Eee bynajmniej 🙂 Ale lubię to strasznie! 🙂
Świetna renowacja mebli. Jestem pod wrażeniem tego stołu – wygląda bardzo ciekawie. Podobają mi się takie jaśniutkie kolory wnętrza.
Tak sobie pomyślałam, że blat ze sklejki dałoby się poprawić okleiną laminowaną. Teraz można kupić bardzo trwałe i grube okleiny w dowolnym kolorze – podobno świetnie sprawdzają się do zamaskowania mankamentów na blatach.
OOO świetny pomysł! Możesz powiedzieć coś więcej? Zastanawiam się jak na przykład kanty okleić i gdzie takie coś wyhaczyć…
Okleiny laminowane chyba najłatwiej będzie znaleźć gdzieś w sieci. Tylko trzeba uważać, bo nie wszystkie są ognioodporne i nadają się na blaty stołów. W większości są to produkty samoprzylepne (dość łatwe w montażu). Można też nakleić okleinę naturalną/fornir. Tu ofert sprzedaży będzie znacznie więcej, np. http://centrumoklein.pl/index.php?cPath=43_57_125&osCsid=68391f3583afefb8f525db0324924381
Fornir nakleja się za pomocą specjalnego kleju kontaktowego. Z kolei naroża trzeba zamaskować obrzeżami.
Nie wiem jak wygląda to od strony praktycznej. Dopiero przymierzam się do takiego odnowienia ławy 🙂
Dzięki za pomysł i porady! Muszę sprawę przedyskutować z mężem 🙂
Cudowne! Meble wyglądają jak prosto ze sklepu, w życiu nie pomyślałabym, że były odnawiane 😉 Technika decoupage też bardzo mi się podoba, ozdabiałam kiedyś tak butelki na kiermasz świąteczny, ale nigdy nie wpadłabym na pomysł, aby ozdobić tak meble… Wyglądają genialnie! Super, i chętnie zobaczyłabym, jak to wszystko powstawało 🙂
Bardzo dziękuję! 🙂 Postaram się zatem trochę poszerzyć wnętrzarską część bloga 🙂
Śliiicznie! Jestem totalnie zachwycona tymi kwiatuszkami przy gałkach – jak się robi takie rzeczy?
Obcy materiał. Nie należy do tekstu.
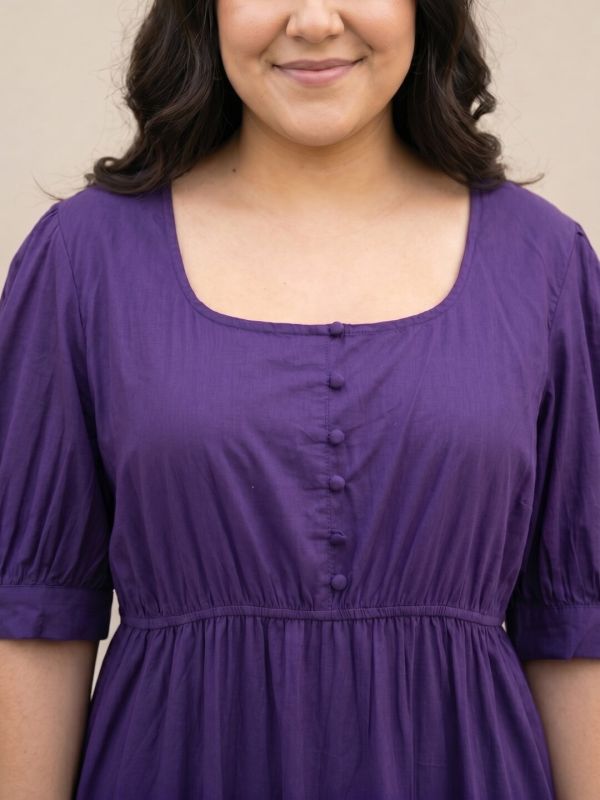 Globus Gloplus Women Purple Square Neck Puff Sleeve Fit and Flare Tiered Maxi Plus Size Dress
Dziękuję! Bardzo prosta sprawa, podczas ozdabiania kolejnych mebli pokuszę się o instruktaż 🙂
Uwielbiam białe meble! Pasują do wszystkiego. Genialnie wyglądają, a decoupage to jest coś, co kocham!
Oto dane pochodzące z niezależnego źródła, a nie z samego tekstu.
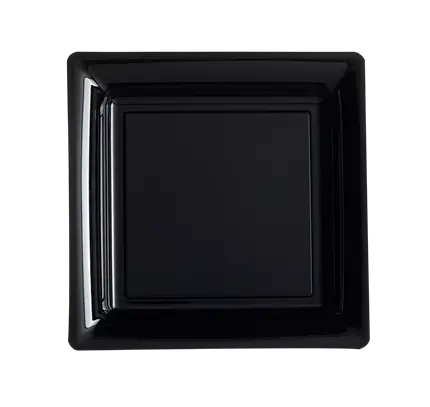 Square Reusable Unbreakable Plates 23.5 cm Black – Party Tableware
Cieszę się, że się podoba 🙂
Stylowo! Bardzo mi się podoba ta technika! Szafka pod telewizorem rewelacja 😉
<3
A mnie zahipnotyzowała nie szafka pod telewizorem ale, ale no właśnie stół 🙂
PS Mam pytanie trochę nieodnośnie bloga, ale samej Twojej osoby. Pytam z ciekawości, totalnie z ciekawości 🙂 Pracujesz na co dzień ( chodzi tu o pracę, z której pozyskuje się pieniądze 😉 ) z psami? czy w totalnie innym kierunku? I ostatnie masz zrobiony jakiś kurs trenerski, lub ukończone studia z np. psychologii zwierząt?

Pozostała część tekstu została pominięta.